Nel mese di giugno scorso la notizia è passata quasi inosservata nel tam tam mediatico quando avrebbe meritato più attenzione. Google nei guai seri.

Roma – La Commissione Europea ha informato Google sui risultati preliminari dell’indagine per abuso di posizione dominante nel mercato della pubblicità online. Il colosso statunitense potrebbe essere accusato di aver distorto la concorrenza violando le norme comunitarie. Google avrebbe tratto profitto per i suoi servizi pubblicitari, sfruttando la sua posizione dominante nella raccolta pubblicitaria. Sono vari gli strumenti a disposizione di Google nel mercato della raccolta pubblicitaria. Attraverso Google Ads e dv 360, vende pubblicità tout court, con DoubleClick for Pubblishers (DFP) gli editori hanno la possibilità di vendere spazi pubblicitari e, per finire, con Adx permette a domanda ed offerta di pubblicità di incontrarsi.

Google sotto indagine

Pare che, grazie alla posizione dominante, Google avrebbe favorito il suo servizio di intermediazione Adx, sia scegliendolo al posto della concorrenza al fine di farne crescere il valore, sia utilizzando i dati raccolti dagli editori. In questo modo riusciva a conoscere le offerte pubblicitarie concorrenti prima di mettere sul mercato le proprie.

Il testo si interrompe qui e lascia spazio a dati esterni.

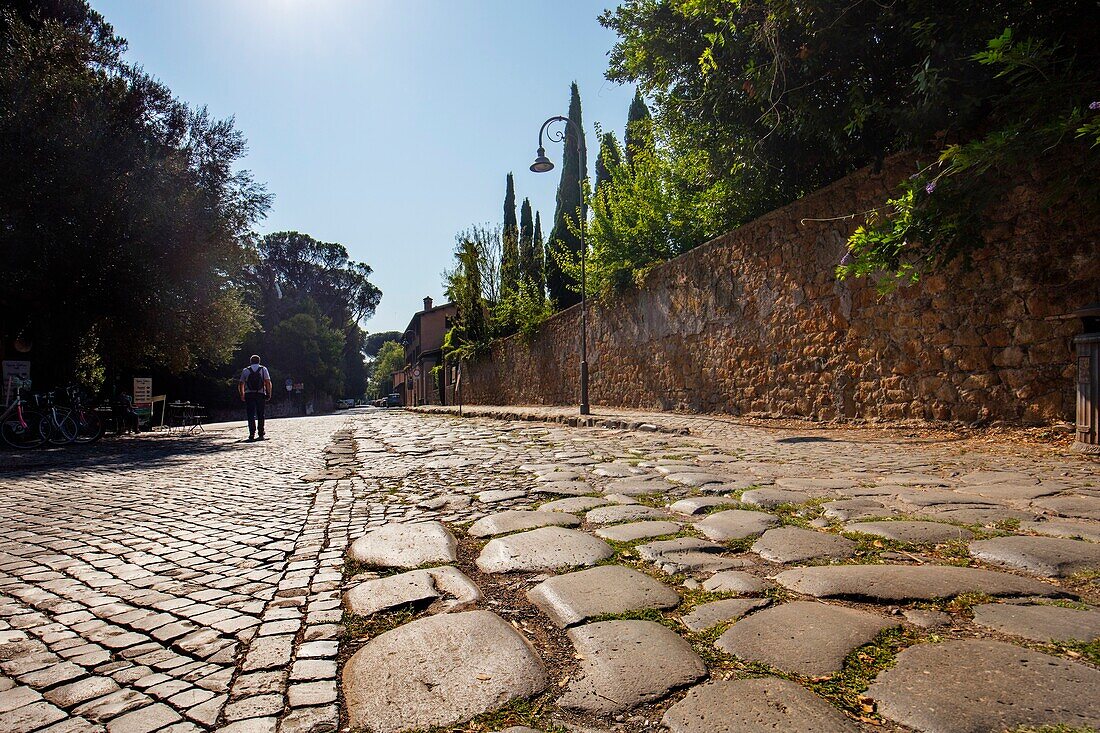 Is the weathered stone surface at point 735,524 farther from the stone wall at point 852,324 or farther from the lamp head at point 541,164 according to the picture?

Si comprende che così otteneva una vantaggio competitivo. La Commissione ritiene che il comportamento di Google fosse premeditato per far aumentare il valore dei suoi servizi. L’azienda, così, riusciva a mantenere alti i prezzi, violando le norme anti-trust del mercato comunitario. Se l’accusa fosse confermata, dopo aver espletato le procedure burocratiche, per rimediare al… misfatto, Google dovrebbe cedere alcune attività del mercato pubblicitario online.

Accuse e controversie

Lì accusato, ovviamente, non poteva essere altrimenti, ha rilasciato un comunicato in cui dichiara di non condividere il punto di vista della Commissione Europa. Qui, non si tratta di una disputa filosofica, per cui si può non condividere, legittimamente, il pensiero altrui. Siamo di fronte, invece, in una situazione in cui bisogna dimostrare se l’accusa è vera o falsa. Non si è mai visto un ladro accusato di furto che ha dichiarato di non condividere il punto di vista dell’accusatore. E’ come chiedere all’acquaiolo, come si diceva un tempo, com’è l’acqua? Domanda retorica e risposta scontata. Il forte sospetto è che tutto possa finire a “tarallucci e vino”, come si dice quando un contenzioso terminerà in modo amichevole, in un nulla di fatto. Noi in Italia siamo esperti del settore. L’ex Fininvest, poi Mediaset, per anni ha assunto una posizione dominante nell’ambito della raccolta pubblicitaria, provocando una distorsione del mercato.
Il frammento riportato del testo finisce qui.